#otd1945.03.27
The Last V2 Rocket

The German frontlines were obviously crumbling, but the last V2 rocket was nevertheless launched at Antwerp as late as 27 March 1945. A final German rocket had hit London just a few hours earlier. The following day, the last V1 flying bomb struck Antwerp. It was the end of the Nazis’ so-called “miracle weapons”.

The new weapons had never had the impact the Germans hoped they would have. Many missed their aim. Yet owing to the great number of launches, the rockets nevertheless wrought substantial destruction in the two main target locations, London and Antwerp. Over half of the altogether 3,200 rockets fired fell in Antwerp. More than 3,500 persons died in that city through V weapons alone.

Work in the rocket factories likewise ceased at the end of March.
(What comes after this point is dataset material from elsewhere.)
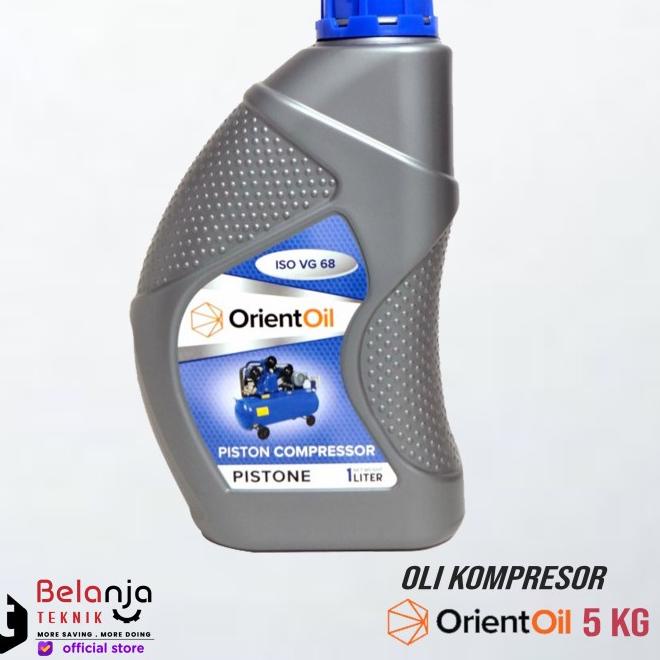 Jual Oli Liger Compressor 1 Liter ISO VG 68 - Oli Khusus Mesin ...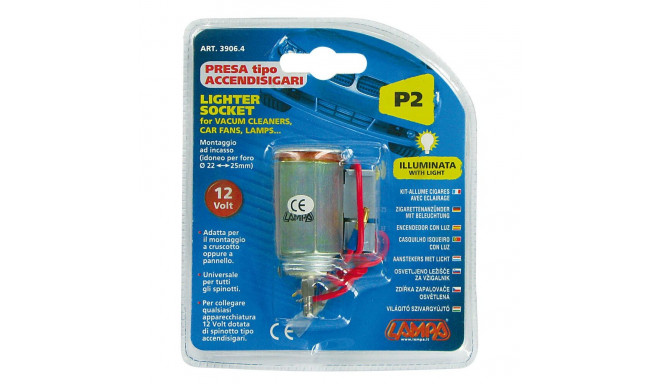 Sigaretisüütajapesa tulega 12V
In an underground armaments factory near Nordhausen, Mittelbau-Dora concentration camp inmates had had to perform forced labour in the serial production of the V2.

(Karsten Uhl)

References: Heinz Dieter Hölsken, Die V-Waffen: Entstehung – Propaganda – Kriegseinsatz, Stuttgart 1984.

Michael J. Neufeld, The Rocket and the Reich: Peenemunde and the Coming of the Ballistic Missile Era, Cambridge, Mass. 2000.